Wednesday, March 04, 2009

Code reuse is overrated

Good coders code, great ones reuse. How can anyone disagree with that?

I don't disagree. The principle of not reinventing something after you've invented it is so old and so obvious (and so obviously useful) that no one would seriously dispute it.

What's very much worth disputing, though, is the value of "code-reuse percentage" as a metric, and the degree to which code reusability actually brings about any economies in the software business. I would argue that the economies are largely nonexistent, because of the generally high cost of achieving reusability in the first place -- and a failure to depreciate investments in reusability over time. If you're reusing code in your product that was written in 1997 (to support a 1997 file format, say) and that code is only still in the product for legacy reasons, should that really count as reuse? Shouldn't "reuse" be weighted according to whether the code actually gets executed or not?

Should you build out on bad code (flabby code; spaghetti code; stuff that may contain unreachable or deprecated methods, etc.) and count it as reusability? Or go back and do it right? If you build out on bad code, you've achieved reusability. If you go back and clean up the code, you've killed your reuse metrics but you may well score a longterm ROI win.

There are so many problems with "reuse percentage" as a metric that I won't litigate the case fully here but instead ask you to refer to the paper by Lim, the 2005 blog by Dennis Forbes, and the 2007 blog by Carl Lewis (for starters).

Will Tracz (an early advocate of reuse, ironically) pointed out in "Software Reuse Myths Revisited" that reusable code costs around 60% more to develop than code not designed with reuse in mind.
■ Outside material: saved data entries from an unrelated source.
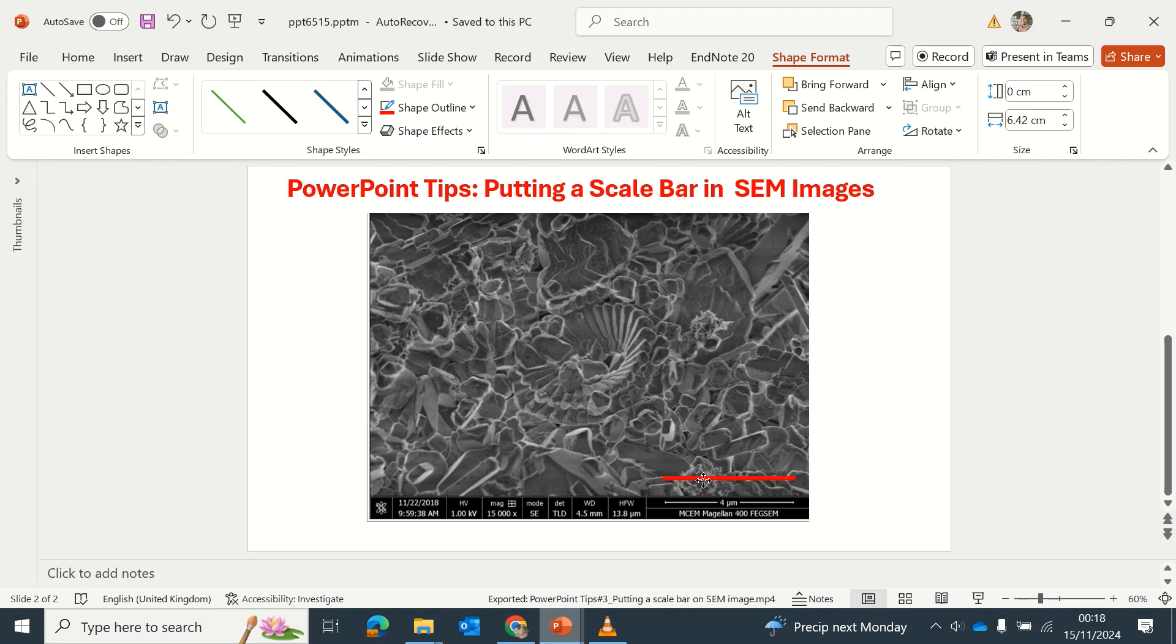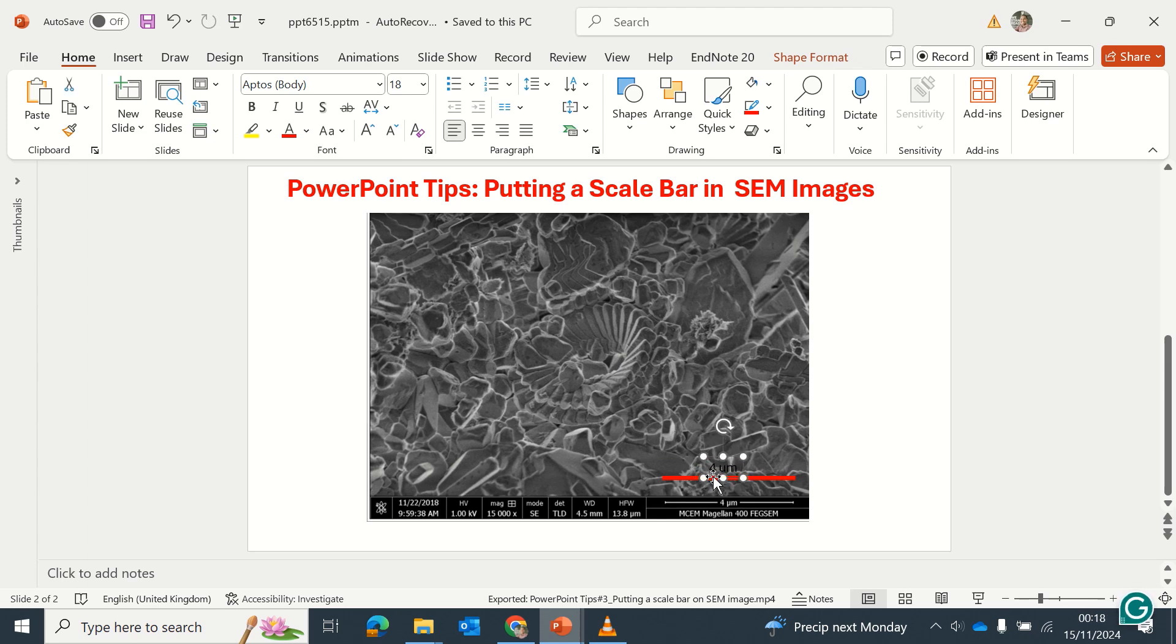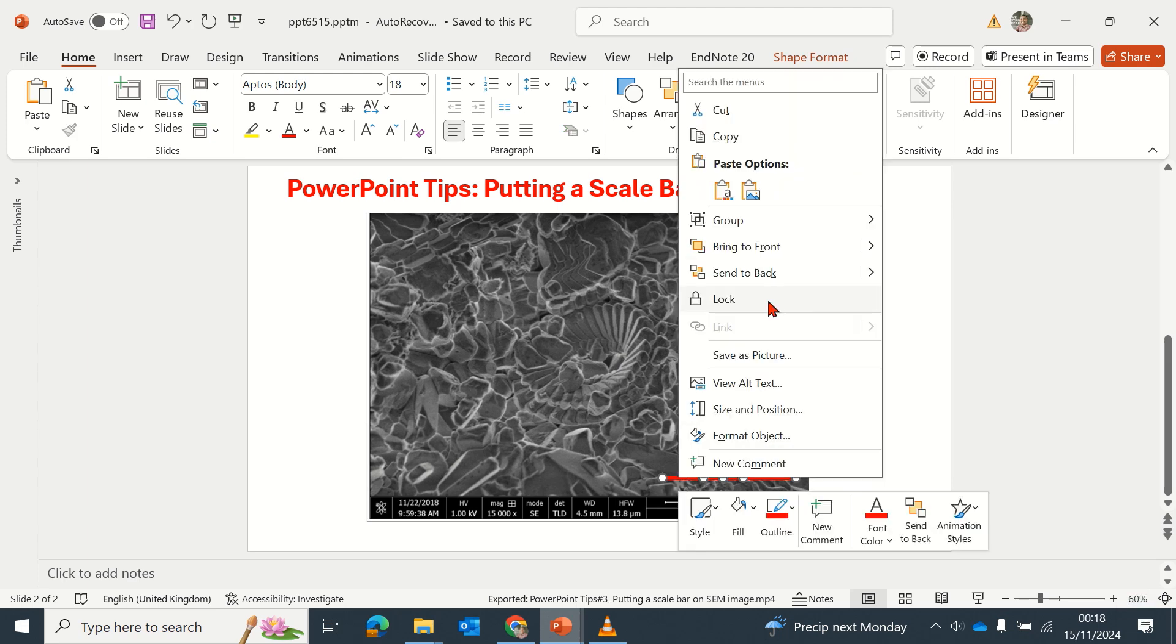Then you place it just above the section you are cropping and indicate the length of the scale bar, which is four micrometers in this case. Then you can group the scale and the value.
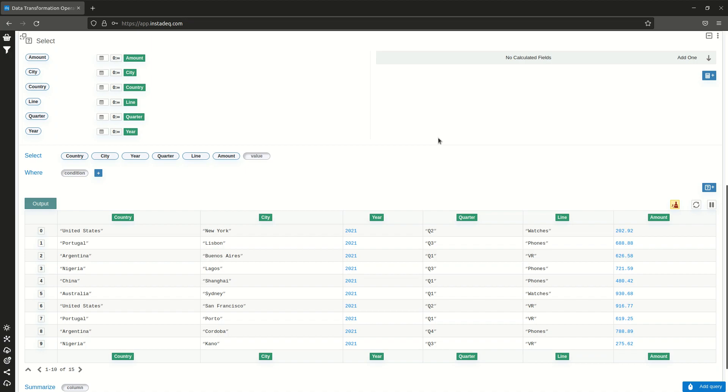So this was how to add all columns in one action in InstaDeck. Bye bye.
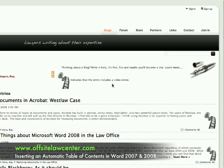One thing that I've seen a lot of my colleagues go crazy with is inserting a table of contents into a document — memos or briefs, doesn't really matter, any kind of document.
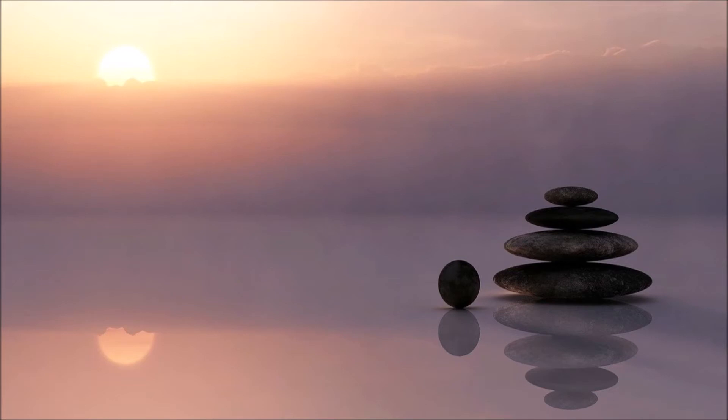Once you get this rhythm down, you want to do this 30 to 40 times. Then after your final exhale, you want to hold your breath for roughly one minute to one and a half minutes. When you get the urge to breathe, take a deep breath in and hold it for 15 seconds, then exhale.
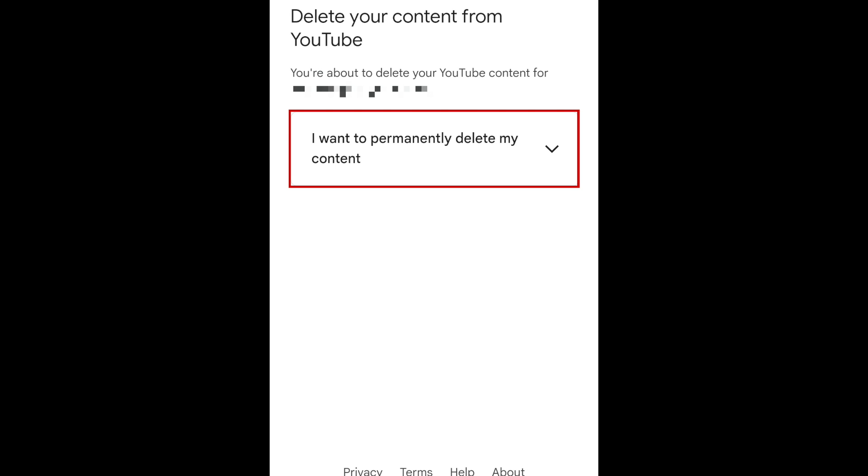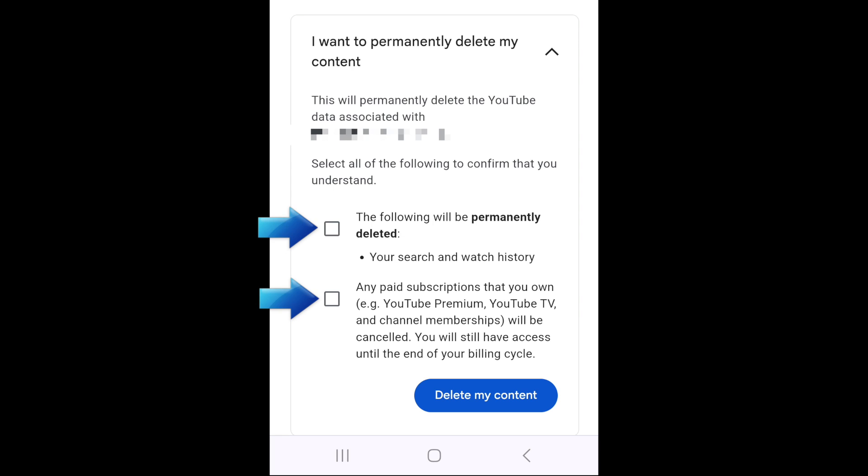Select I want to permanently delete my content. To confirm that you want to delete your YouTube account and all its content, tap the checkboxes, then tap delete my content.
That estimate (derived in 1994) is probably off by a factor of three or four (maybe ten, with Java). But it's moot, in any case, given that the cost of producing code is, in reality, a comparatively small part of the overall cost of producing and marketing commercial software. And that's what I'm really saying here, is that the potential for cost savings is not a proper motivation for reuse. There is no significant cost savings. It costs more to develop reusable code, and the payoffs are mitigated by longterm maintenance costs associated with a larger code base.
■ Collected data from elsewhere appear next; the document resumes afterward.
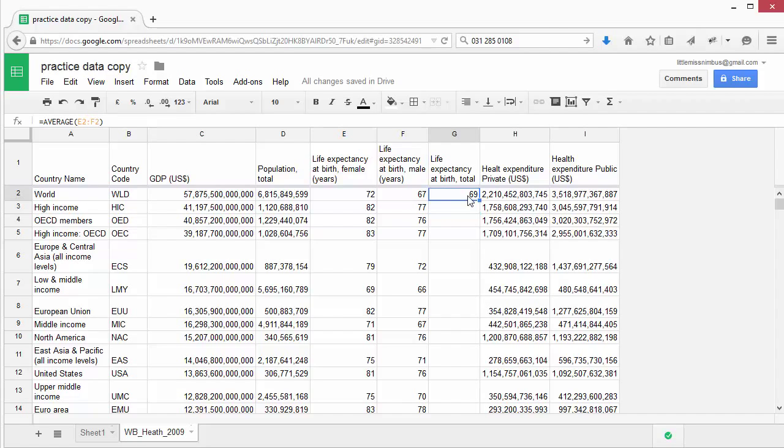Like in our previous examples, we can duplicate this formula by simply clicking and dragging it down through our spreadsheet.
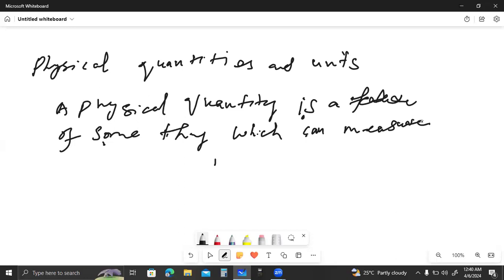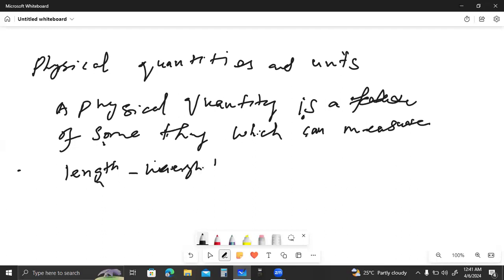Just like we measure length, we measure weight, we measure time. These are the main quantities which we measure and use in physics. Length, weight, time — we are using and measuring these quantities, and in most chapters of physics we are using these quantities.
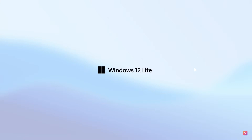Hi, Brent Tech here, where tech is made simple. Concept creator AR4789 has created another concept idea of what a future version of Windows could look like, this time focusing on Windows 12 LUT.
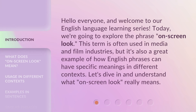Hello everyone, and welcome to our English language learning series. Today, we're going to explore the phrase 'on-screen look.' This term is often used in media and film industries, but it's also a great example of how English phrases can have specific meanings in different contexts.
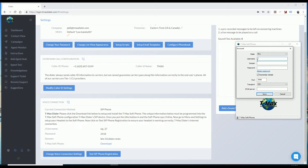Next, put in the username, password, and domain, which is located over here to the left on your webpage. So we'll go ahead and put that in: sip_37. Next is the domain: bhs-03.dialer.rocks. And then put in your password: 2418.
Someone will inevitably argue that although you may end up with more classes and interfaces if you design for reusability, the code will ultimately be more readable. I dispute that. The code becomes more complex generally and it's not necessarily true that it becomes more readable. Does JMenu really need to have 433 methods? Why? It got that way because someone (lazily) decided to use inheritance as a code-reuse mechanism, instead of designing JMenu to have just what it needs. You could argue, "Well, so what? The ancestor classes are already written, they never have to be written again, why not reuse them?" There are so many fallacies with that argument, it's hard to know where to begin. JMenu is at the bottom of a 7-classes-deep inheritance chain. The odds that nothing in that chain will ever be rewritten in the future are small. Touching the code in that chain entails risk (a breakage risk for subclasses); this is the kind of thing that keeps half of Bangalore in business, doing regression tests. At runtime, you're carrying around the baggage of 400-odd methods you don't need. The footprint of your software (on disk and in memory) is bigger, performance is affected, garbage collection is affected.
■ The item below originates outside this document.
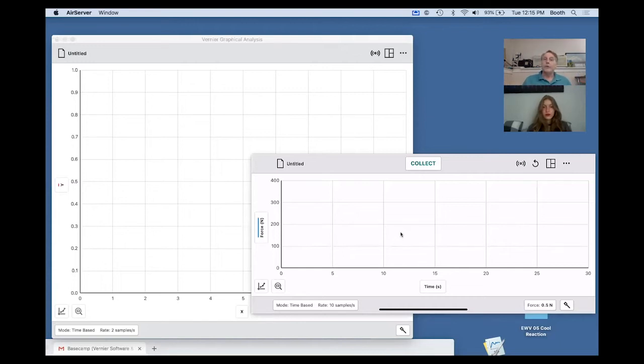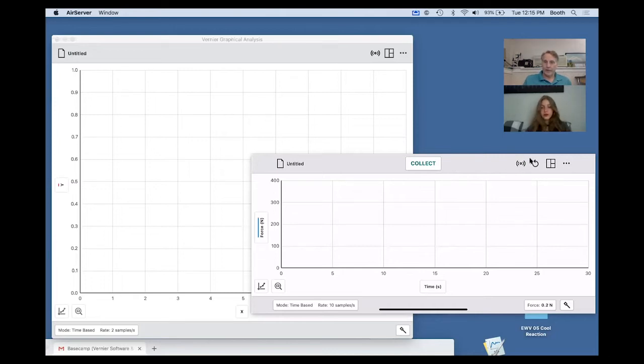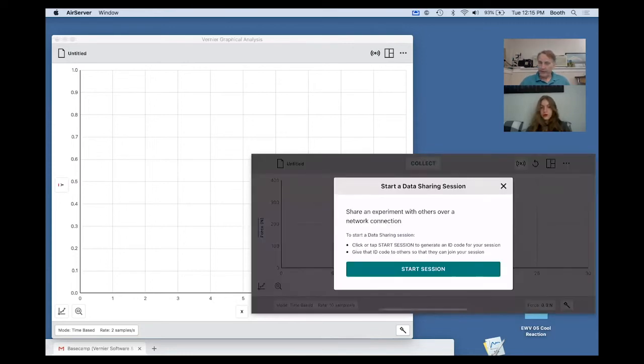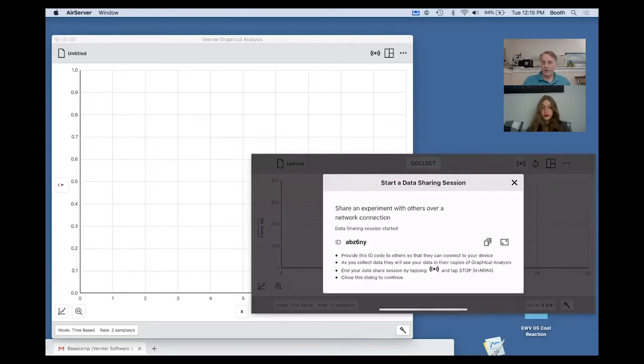What I need to do is start a data sharing session. The way this works is that on my phone, you'll see the little icon right here, and when I tap there on the phone, it says start session, and so I'm going to tap start session.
What I'm suggesting is not that you should rewrite JMenu. What I'm saying is that if you're Sun, and you're going to write something like Swing (from a clean sheet of paper), do it with common sense in mind rather than taking an "inherit-the-world" approach to reusability.

Rest assured, when I write code, I try (out of sheer laziness) to make as many lines classes and methods reusable as makes sense (and no more). And I guess that's the point. Sometimes it doesn't make sense to go out of your way to write highly reusable code. Sometimes it's more important to have something small and streamlined that works now, that's purpose-built and does what it does well. If you can do that, fine. If you can't, for some reason, that's fine too, but do what's appropriate to the situation.

That does not mean you abandon good programming practices. It doesn't mean you write poorly structured code. It means you write only as much code as you need, and resist the temptation to overfactor. Unfortunately, the latter can be quite hard, especially if you're steeped in the Java arts.

There's a place in this world for silverware, and there's a place for plastic spoons. And yes, you can recycle plastic spoons, but for gosh sakes, silverware is expensive. Let's not accumulate it needlessly.

4 comments:

  1. I think that's the beauty of successful opensource projects. You can produce a bunch of crap in terms of the classical assessment of 'good code' and put it out there. It's more a case of 'getting skin in the game' if you will - an itch that needed to be scratched, and scratched immediately!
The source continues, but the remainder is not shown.